One of their approaches was to involve schools. Teachers in selected cities were encouraged to conduct air raid drills where they would suddenly yell, “Drop!” and students were expected to kneel down under their desks with their hands clutched around their heads and necks. Some schools even distributed metal “dog tags,” like those worn by World War II soldiers, so that the bodies of students could be identified after an attack.
The next logical step was to promote these “preparedness” measures around the country, and the FCDA decided the best way to do that was to commission an educational film that would appeal to children. In 1951, the agency awarded a contract for the production to a New York firm known as Archer Films.
Archer called in teachers to meet with them and got the endorsement of the National Education Association. An administrator at a private school in McLean, Virginia, mentioned that they had participated in the “duck and cover” drills. That was the first time the producers had heard the drills called that, and they thought the phrase would work as a title.
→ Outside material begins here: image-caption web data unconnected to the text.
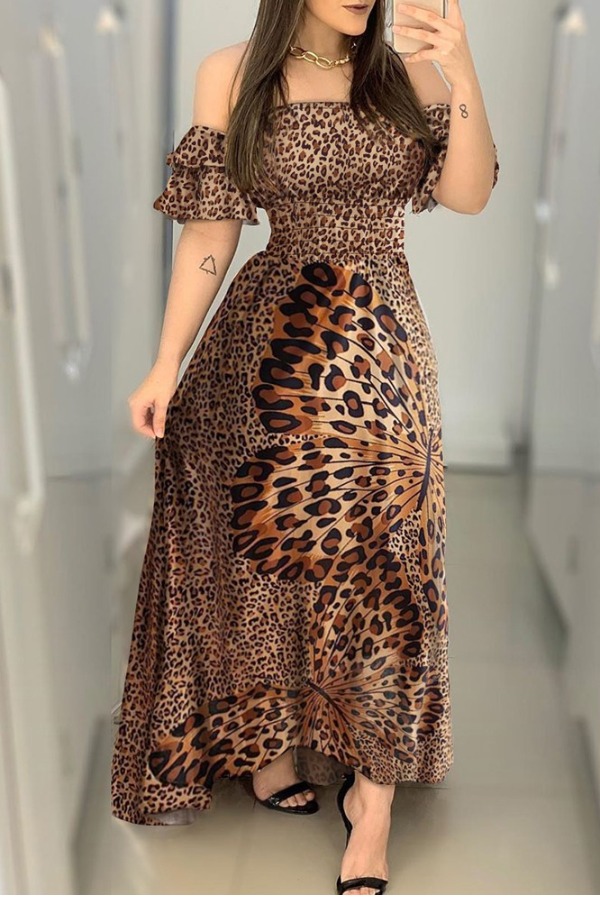 

Lovely Trendy Leopard Print Maxi Dress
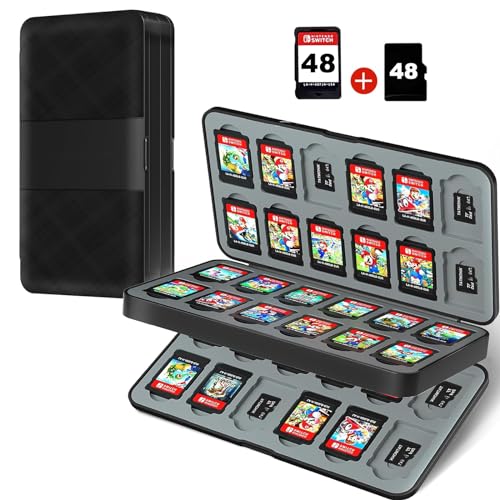 TATMOHIK Switch Game Case for 48 Nintendo Switch Games card & 48 Micro SD Cards,Nintendo Switch Game Holder Cartridge with 48 Slots,Compact & Portable Game Storage Case Box(Black)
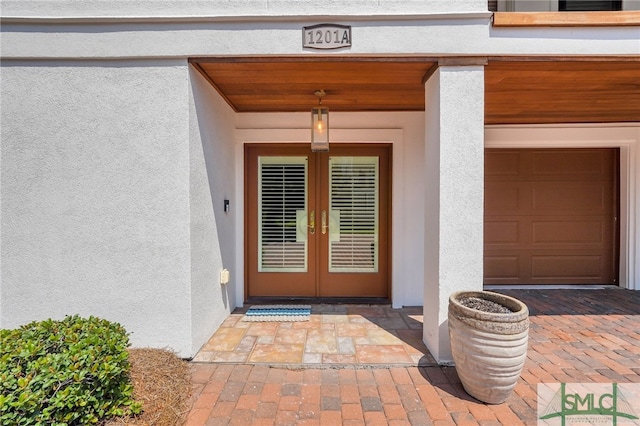 doorway to property with french doors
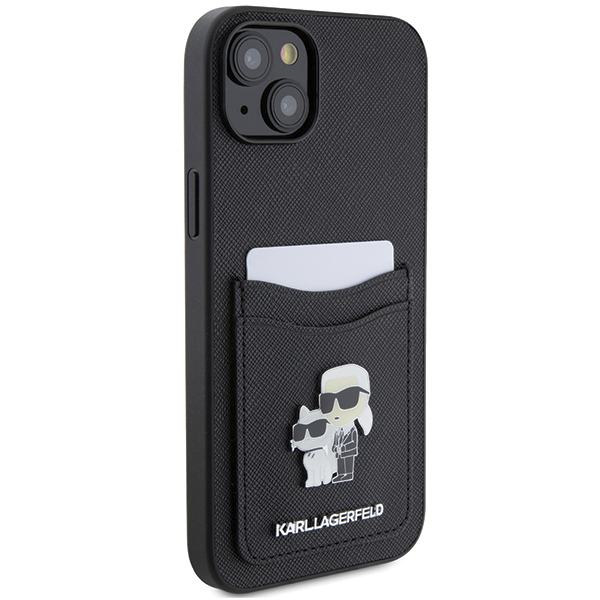 Karl Lagerfeld KLHCP15SSAPKCNPK Apple iPhone 15 / 14 / 13 6.1″ juodos spalvos kietas dėklas Saffiano Cardslot Karl aprašymas - Prekės nuotrauka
The producers went to work on a script that would combine live actors and an animated turtle to encourage kids to duck down to the ground and get under some form of cover – a desk, a table or next to a wall – if they ever saw a bright flash of light. The flash would presumably be produced by an atomic blast. The hero of the film was the animated Turtle named Bert who wore a pith helmet and quickly ducked his head into his shell when a monkey in a tree set off a firecracker nearby.
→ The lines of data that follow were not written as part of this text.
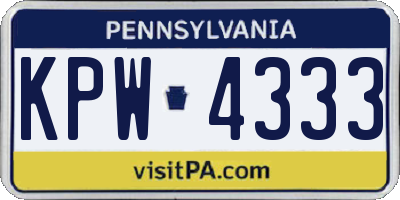 PA license plate KPW4333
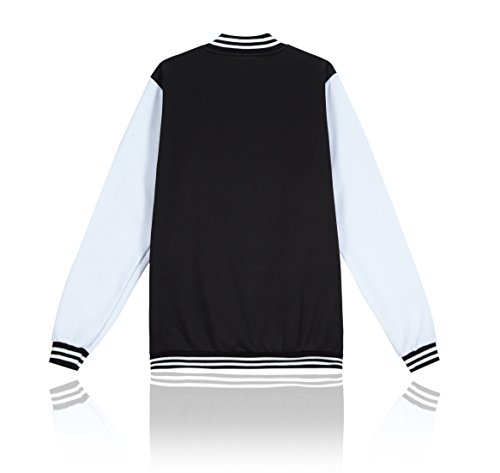 Trifuness Varsity Jacket Letterman Jacket Baseball Jacket with Long Sleeve Banded Collar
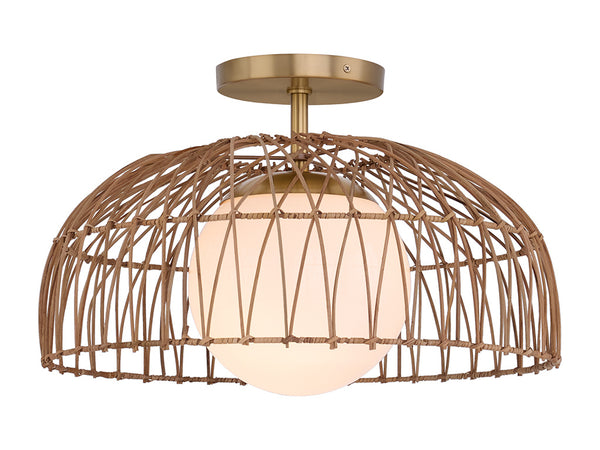 1-Light Convertible Pendant or Semi-Flush in Natural Brass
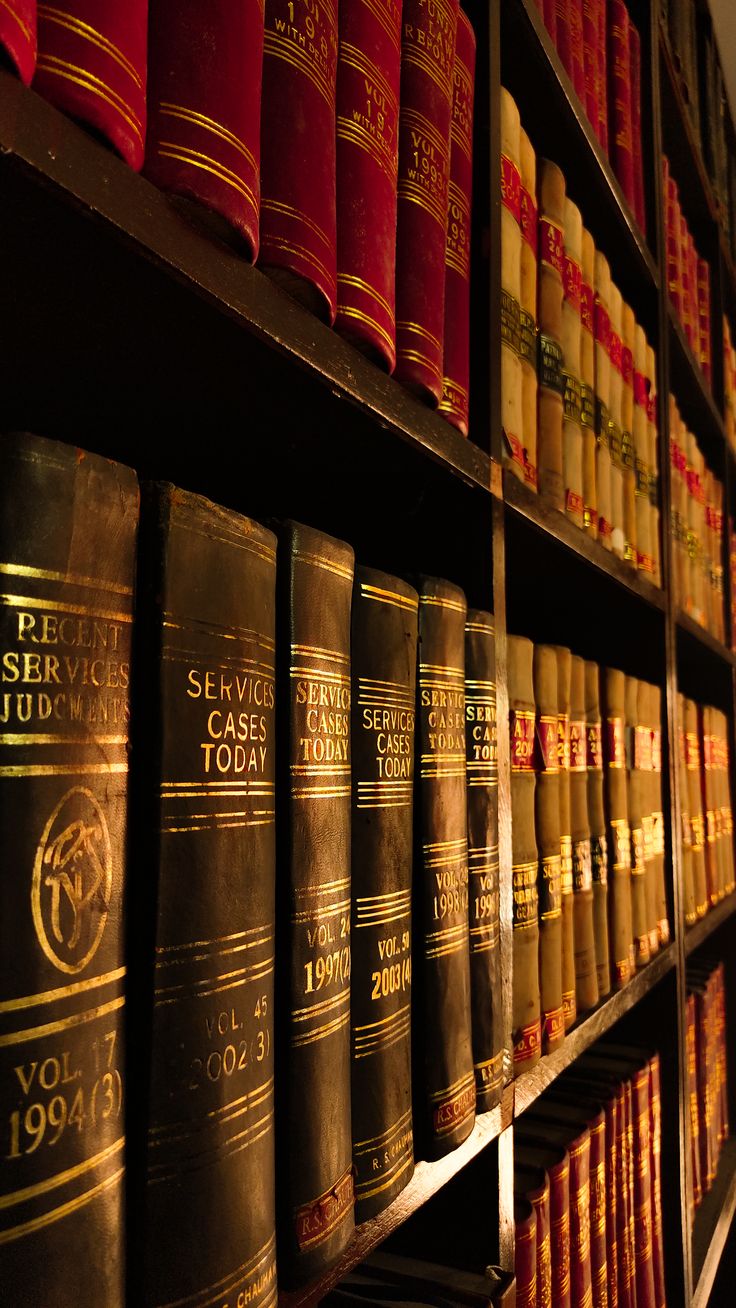 Leather-bound law reports with gilt lettering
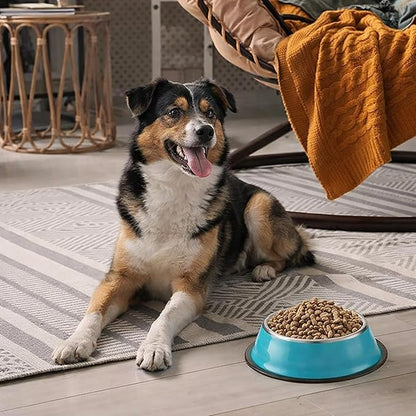 Roshtia 6 Pcs 18 oz Stainless Steel Dog Bowl, Dog Food Water Bowl with Anti Skid Silicone Base Stackable Dishwasher Safe Pet Puppy Dishes for Medium Large Dogs Cat Multipet Families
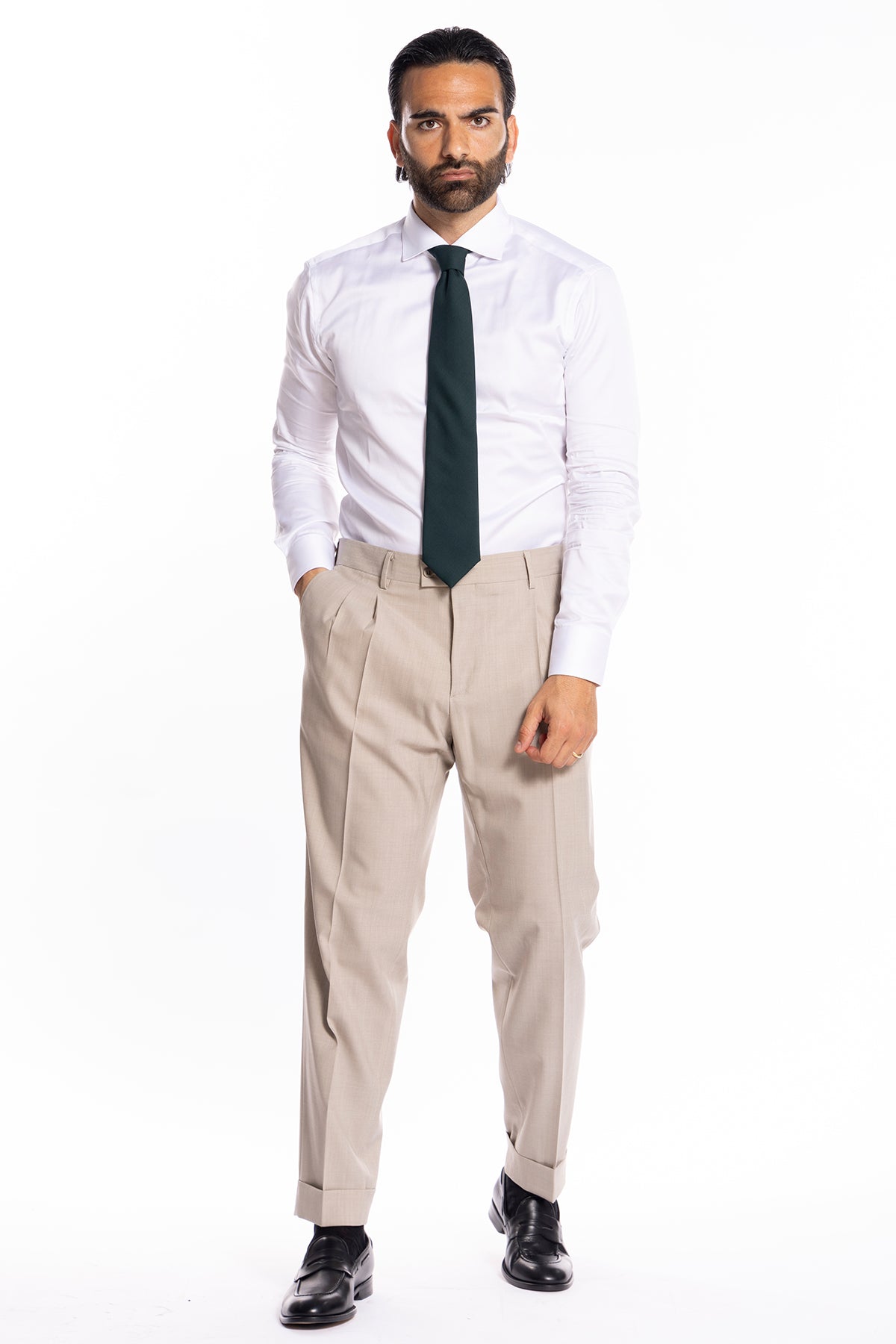 Pantalone uomo Beige fresco lana mista tasca america con doppia pinces e risvolto di 5cm
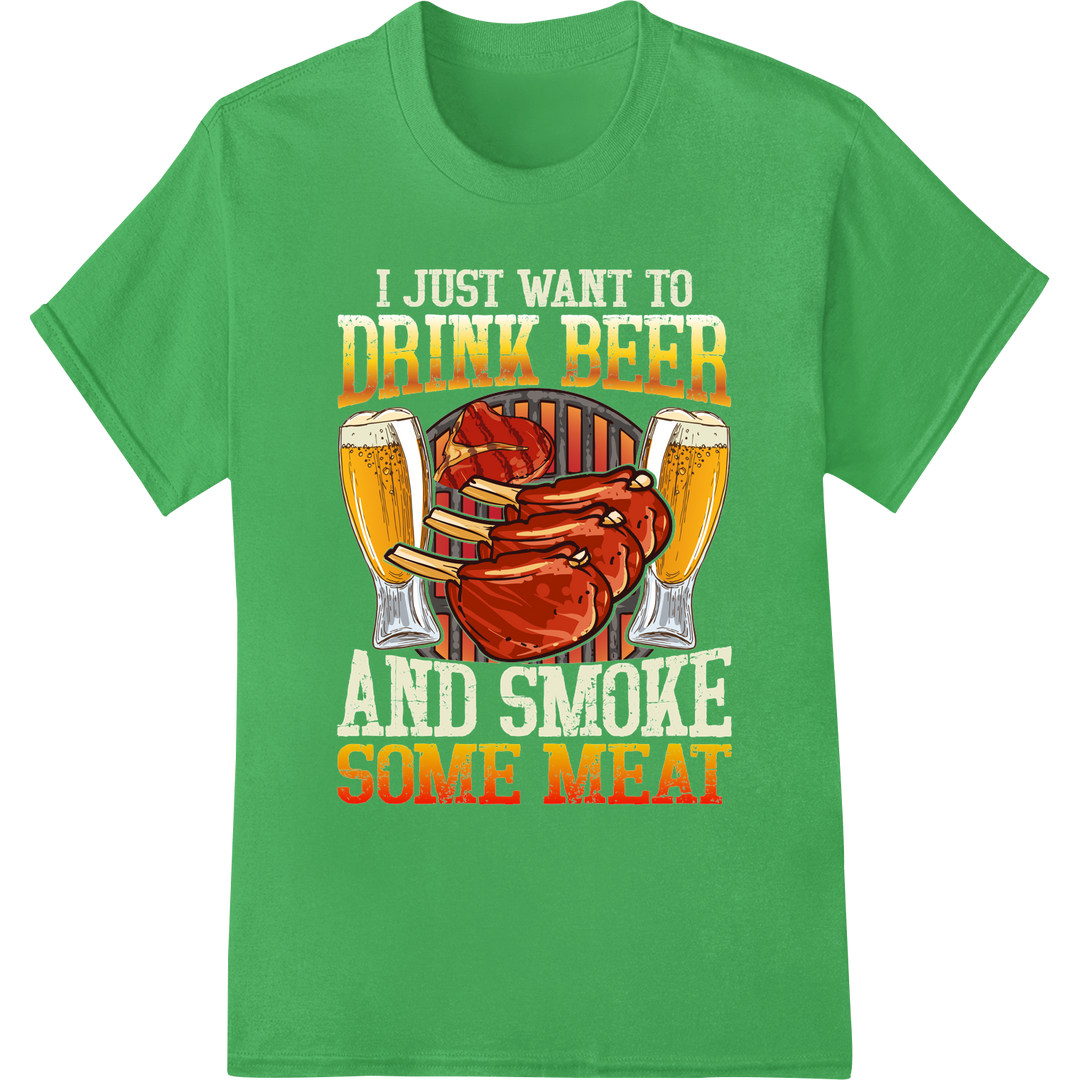 Grill Master's Mantra: Beer, Ribs & Good Vibes DTF Print on green shirt - SUPERDTF-DTF Prints-DTF Transfers-Custom DTF Prints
When Duck and Cover was completed in January 1952, its admonition perhaps could have saved some lives in the event of an atomic-bomb attack. Civil Defense officials liked the animated turtle and his monkey tormentor so much that they included the film in the “Alert America Convoy.” The convoy had 10 trucks and trailers that toured he country for nine months in 1952. Each vehicle contained civil defense dioramas, posters, 3-D models and a film theatre showing Duck and Cover and other educational movies. The theme was practical ways individuals could “beat the bomb.” According to the FCDA, 1.1 million people eventually saw the convoy exhibits.
At the same time, Duck and Cover was premiered to educators at a gala screening at a Manhattan movie theatre. From there, it was distributed to schools around the country by one of the largest educational film distributors. It was shown on television stations around the country, and some educated guesses put the TV audience in the tens of millions.